A better way to think about wage pressures than the Phillips curve

Most economists maintain that the labor market in the United States is ‘tight’ because unemployment rates are low. They infer from this that there is potential for wage-push inflation. However, real wages are falling rapidly at present and, prior to that, real wages had been stagnant for some time. We show that unemployment is not key to understanding wage formation in the USA and hasn’t been since the Great Recession. Instead, we show rates of under-employment (the percentage of workers with part-time hours who would prefer more hours) and the rate of non-employment which includes both the unemployed and those out of the labor force who are not working significantly reduce wage pressures in the United States. This finding holds in panel data with state and year fixed effects and is supportive of a wage curve which fits the data much better than a Phillips Curve. We find no role for vacancies; the V:U ratio is negatively not positively associated with wage growth since 2020. The implication is that the reserve army of labor which acts as a brake on wage growth extends beyond the unemployed and operates from within and outside the firm.

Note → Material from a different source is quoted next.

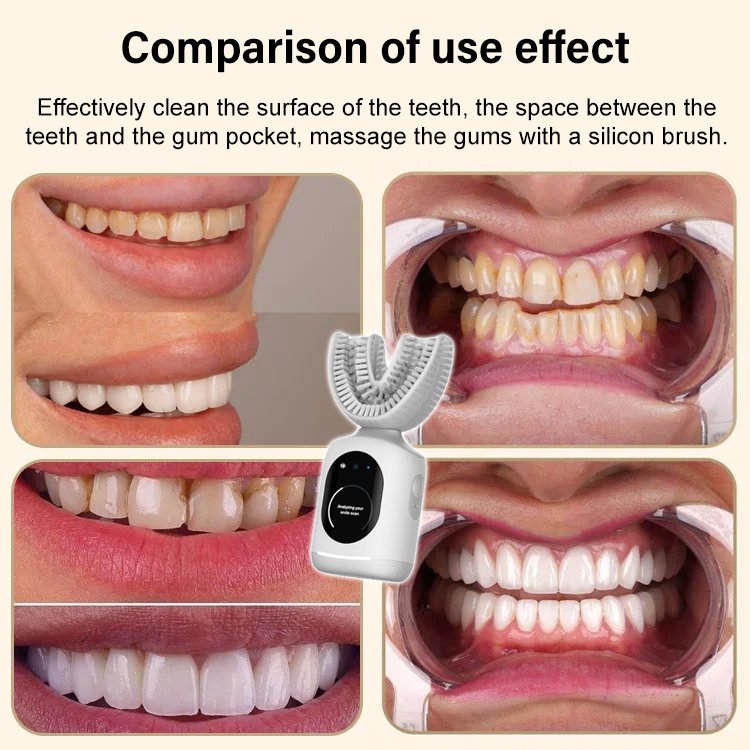 [Dentist development] 10-second fully automatic lazy U-shaped electric toothbrush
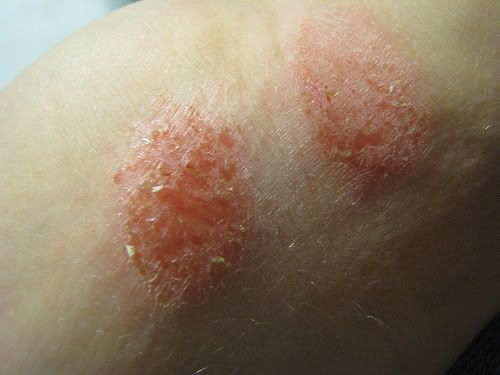 Skin eczema is one of the most common skin diseases around today.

We are the reserve army of the unemployed!  Here is the full paper from David G. Blanchflower, Alex Bryson, and Jackson Spurling.  The results also suggest that getting inflation under control will be easy than some alternative accounts might indicate, and in that sense this is mild cause for macroeconomic optimism, relatively speaking that is.

These ten veteran ex-Lakers from the 2021-2022 season, however, are still unemployed (ESPN).